La tradition juive condamne les attitudes passives pendant qu'on verse le sang de notre prochain et bien que ce verset de la Bible ne s'applique pas directement pour diverses raisons techniques, ses idéaux devrait très certainement guider notre action. Quand des vies innocentes sont en jeu, chacun devrait faire tout ce qui est en son pouvoir pour sauver ces vies, même si les coupables doivent le payer de leur vie.

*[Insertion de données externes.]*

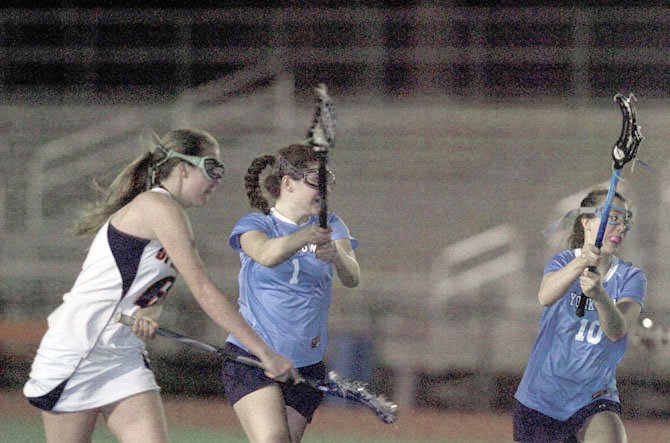 Yorktown junior midfielder Jennie Basile (1) scored four goals for the Patriots during their season opener against West Springfield on March 12.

Bien sûr, si les temps modernes doivent nous enseigner une chose, c'est que la théorie de la guerre juste dans toute tradition religieuse ou juridique ne peut pas se mesurer uniquement sur la base de la théorie elle-même mais aussi sur la probabilité de succès. Une application adéquate de la théorie de la guerre juste peut créer une situation dans laquelle de bonnes personnes qui emploient une force juste et légitime face à une situation mauvaise aggravent la situation, à la fois en théorie et en pratique.
Dans le monde réel, la théorie de la guerre juste doit fonctionner concrètement, et pas seulement sur le plan théorique. Ne rien faire est une option morale quand faire quelque chose ne fait qu'aggraver une situation déjà mauvaise. Les options qui apportent la paix et protègent les innocents doivent être privilégiées quand des gens raisonnables pensent qu'elles pourraient fonctionner concrètement.
Andrew J. Bacevich
Professeur de relations internationales à l'Université de Boston
D'un point de vue moral, il semble que les observateurs considèrent que l'exécution de civils au moyen d'armes chimiques est différente de l'exécution de civils au moyen d'armes conventionnelles. Je ne sais pas pourquoi on devrait faire une quelconque distinction.

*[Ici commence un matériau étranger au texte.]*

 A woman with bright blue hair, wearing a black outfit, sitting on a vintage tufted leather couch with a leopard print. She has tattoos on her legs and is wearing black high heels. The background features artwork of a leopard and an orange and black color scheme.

Les Égyptiens qu'on tue sont tout aussi morts que les Syriens qui ont été tués, et s'il semble que mourir à cause d'une attaque d'armes chimiques est une expérience atroce, mourir en se vidant de son sang à cause d'une balle reçue en pleine poitrine ou voir sa jambe arrachée après avoir posé le pied sur une mine est tout aussi atroce. Donc quiconque affirme que l'action se fonde sur une obligation morale doit se poser la question suivante: Pourquoi ici et pas là?
Le second aspect qui m'interpelle est le suivant: À quoi nous attendons-nous? Même si l'intervention se justifie sur le plan moral, comment le recours à la force peut-il remédier à la situation? Il me semble que cela sera une attaque très limitée avec des cibles très limitées. L'intention n'est pas de renverser le régime, ni de limiter la capacité de l'armée syrienne en termes d'armes chimiques.
Donc en dehors du fait que nous nous sentirons plus vertueux parce que nous aurons fait quelque chose en réaction à un acte répréhensible, qu'aurons-nous obtenu? Si les événements en Syrie s'aggravent au point que la situation soit vraiment différente de l'Égypte et si nous avons l'obligation morale d'agir, notre action doit aller au-delà du geste. Mais bien sûr, pour des considération pratiques, personne n'a envie de faire plus que des gestes.